Can anyone give a recommendation for a simple X-based equivalent of mail / mailx for reading the mail I get from cron jobs?
- Do you mean solely X-based or simply a GUI app? If you need X-only, then ignore my answer below.Steven D– Steven D2010-08-30 16:54:25 +00:00Commented Aug 30, 2010 at 16:54
- 2I want something very simple which can read the mail from cron jobs only.delete– delete2010-08-30 23:32:49 +00:00Commented Aug 30, 2010 at 23:32
- Of course the easiest solution is to let cron send mail to a mail account that you already use, or let the local mailserver forward it to one...JanC– JanC2010-09-02 09:08:33 +00:00Commented Sep 2, 2010 at 9:08
5 Answers
If you don't want Evolution nor Sylpheed, Thunderbird also allow to get /var/mail mail. You just have to create a new account and choose "movemail" as account type. See mozilla wiki for more info.

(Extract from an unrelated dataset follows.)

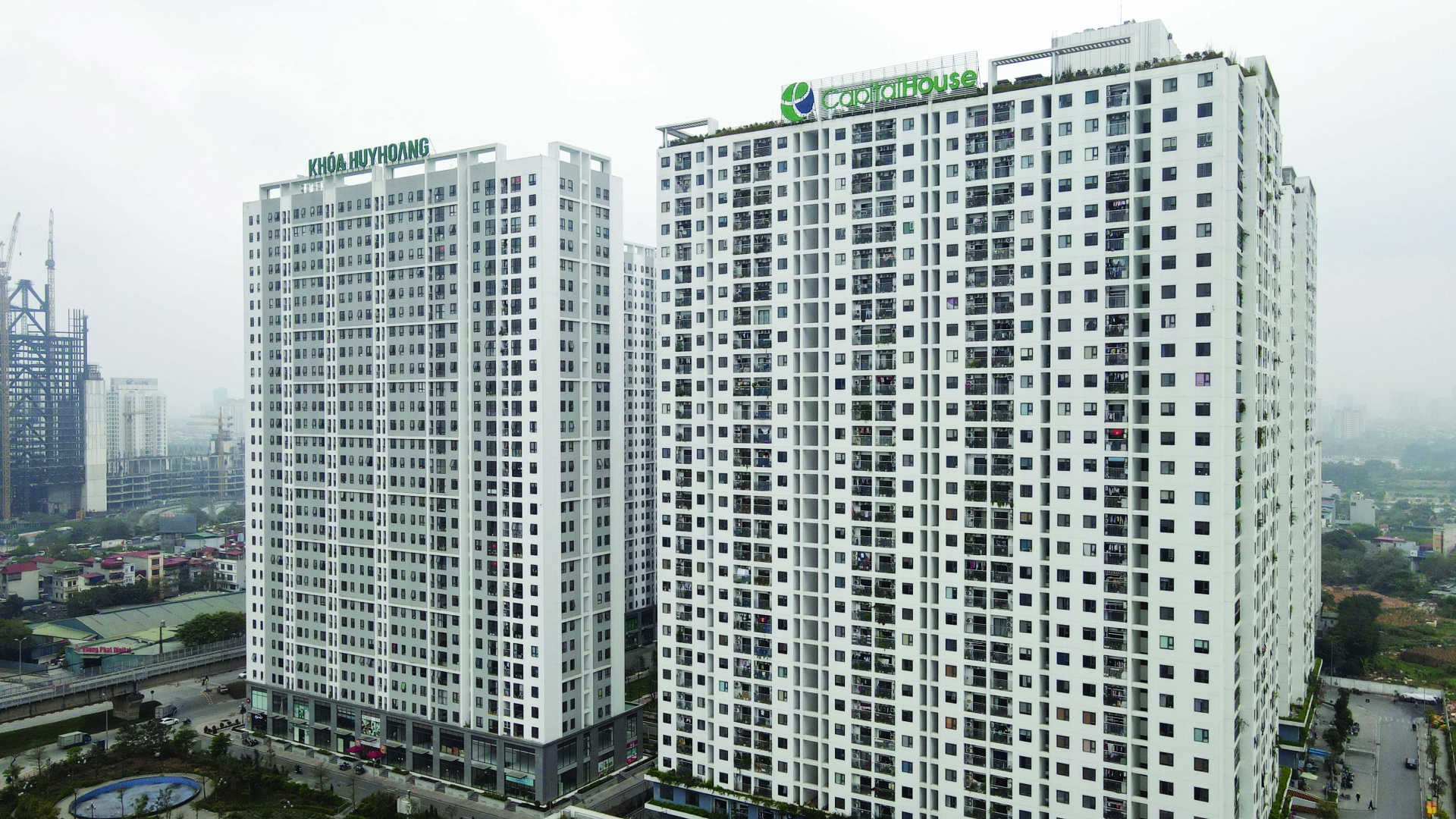 銀行信貸收緊將導致住房供應結構分化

Evolution is fine, but heavy. Sylpheed is simpler and doesn't use as many resources.
- How can I read local mail with this?delete– delete2010-09-15 08:41:05 +00:00Commented Sep 15, 2010 at 8:41
- OK I found it: Configuration / Common preferences / Receive / Tick on "Incorporate from local spool".delete– delete2010-09-15 08:49:57 +00:00Commented Sep 15, 2010 at 8:49
Evolution can be set up to read system mail. When setting up an account, simply choose "Local Delivery" as the server type on the "Receiving Mail" portion of the setup. Then, on that same page, set the "Path" to /var/mail/ or wherever your mail spool is.
The "Local Delivery" option will delete the mail from /var/mail/. If you use the "Standard Unix mbox spool file" will not.

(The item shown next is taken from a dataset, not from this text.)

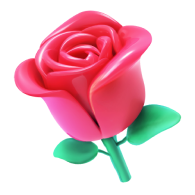 TikTok LIVE Rose gift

Whether or not you want to call Evolution "simple" is another matter.
You could write a shell script that calls a command-line mail tool and then uses notify-send, (g)xmessage or zenity to display the individual messages.
- That sounds a bit masochistic but maybe I will try it if sylpheed gets annoying.delete– delete2010-09-15 08:50:46 +00:00Commented Sep 15, 2010 at 8:50
exmh is a rather lightweight X-windows front end for mh, that will quite easily read your local mailbox.